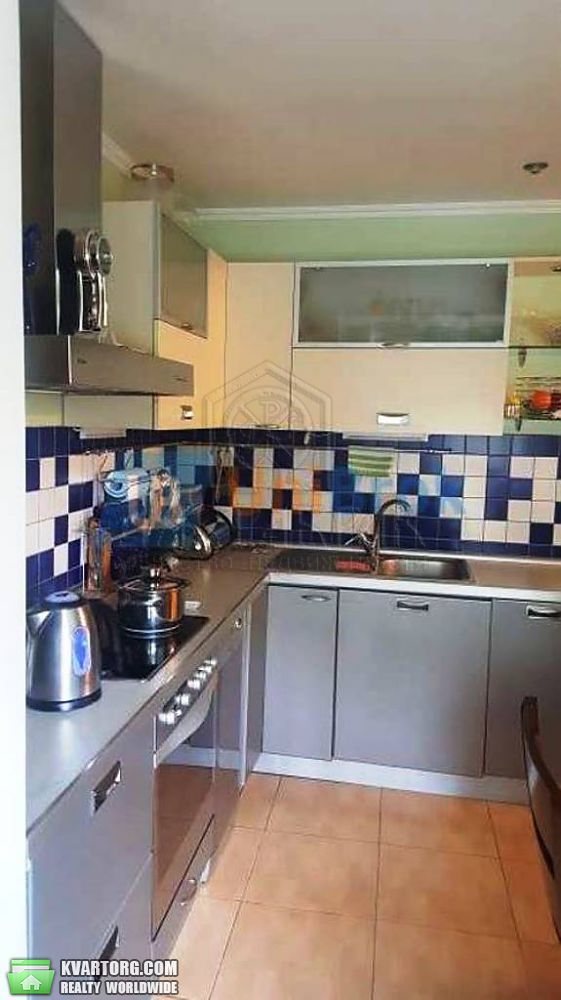 Sell 3-room apartment. Киев,  Дегтяревская — photo 3
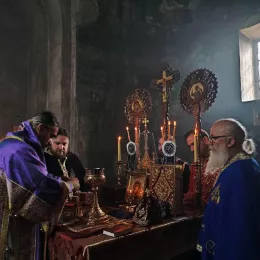 Епископ Методије служио Литургију у Ђурђевим Ступовима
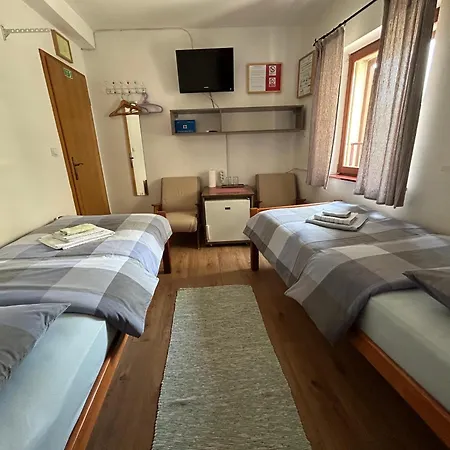 Guesthouse Fjaka-3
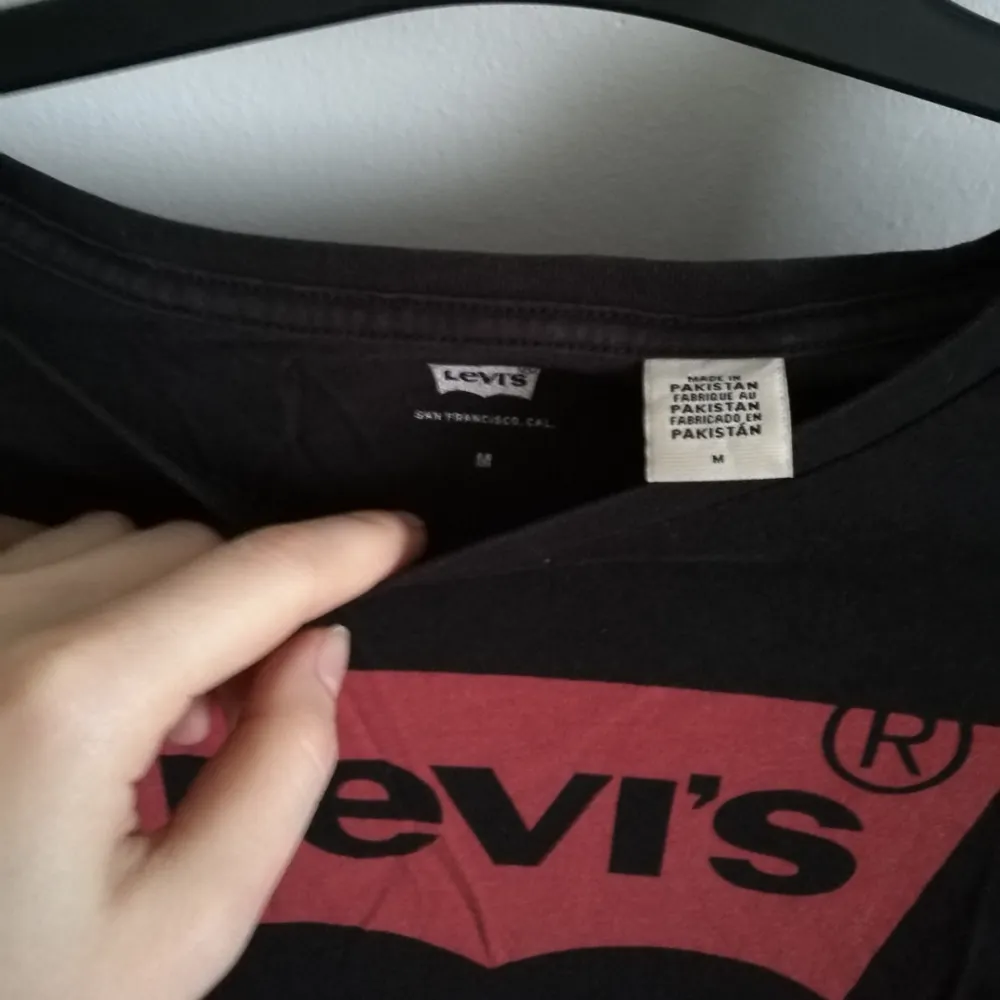 Svart Levis tshirt, sparsamt använd. Frakt 39kr eller så möts vi i Stockholm!. T-shirts.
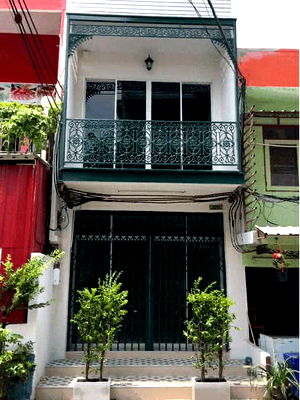 เช่าทาวน์โฮม พร้อมพงษ์ : ทาวน์เฮาส์ ใกล้ MRT ศูนย์สิริกิติ์ ซอยไผ่สิงโต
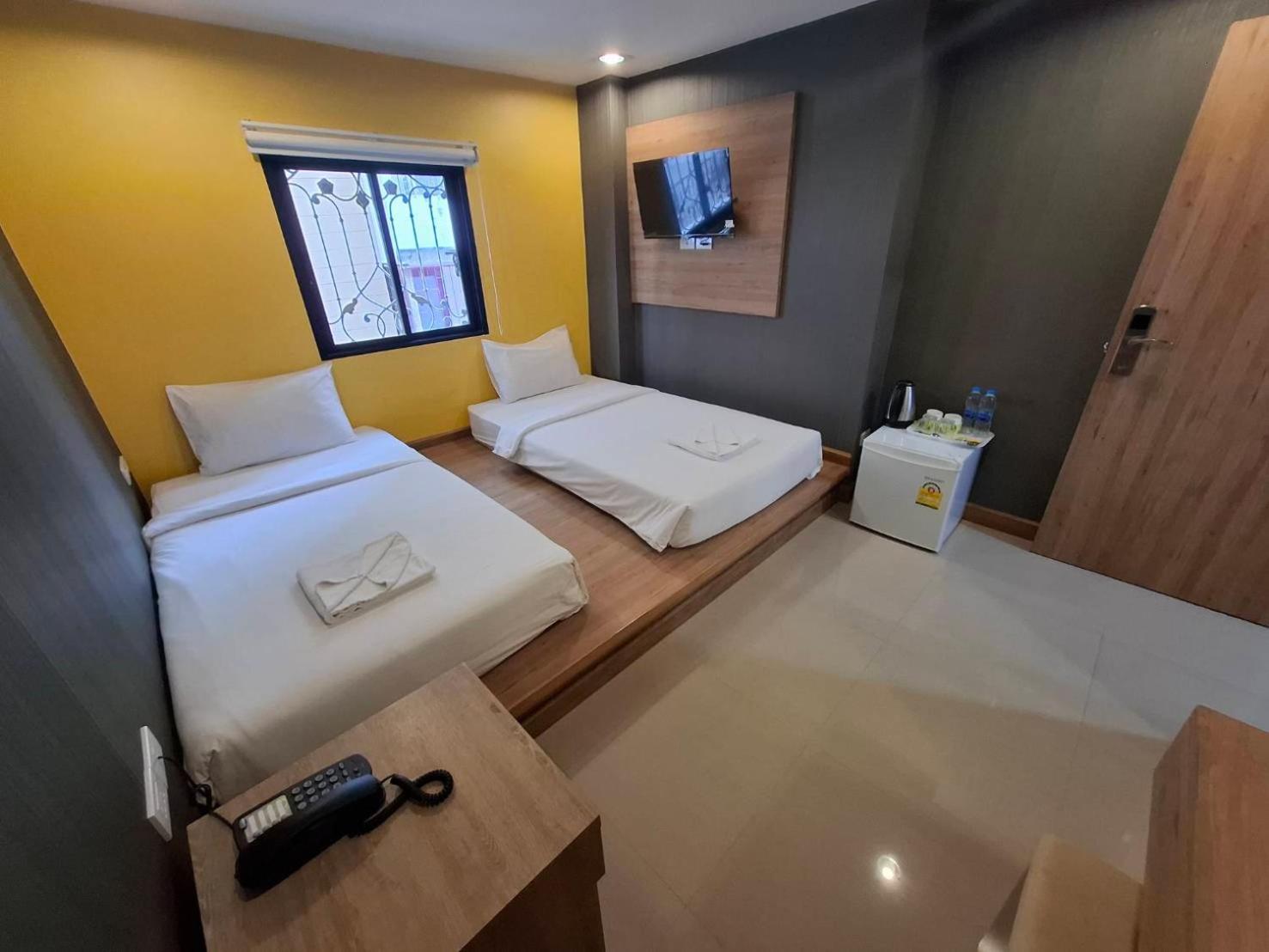 Pratunam19 Hotel Bangkok Exterior photo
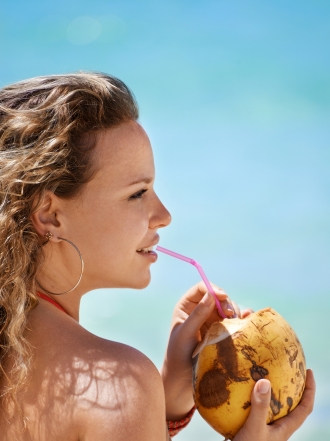 Las propiedades del agua de coco en la dieta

=======

[Work item] Reproduce the whole listing verbatim. Pictures stay out of the copy.

[Response to the task]
 Sell 3-room apartment. Киев,  Дегтяревская — photo 3
 Епископ Методије служио Литургију у Ђурђевим Ступовима
 Guesthouse Fjaka-3
 Svart Levis tshirt, sparsamt använd. Frakt 39kr eller så möts vi i Stockholm!. T-shirts.
 เช่าทาวน์โฮม พร้อมพงษ์ : ทาวน์เฮาส์ ใกล้ MRT ศูนย์สิริกิติ์ ซอยไผ่สิงโต
 Pratunam19 Hotel Bangkok Exterior photo
 Las propiedades del agua de coco en la dieta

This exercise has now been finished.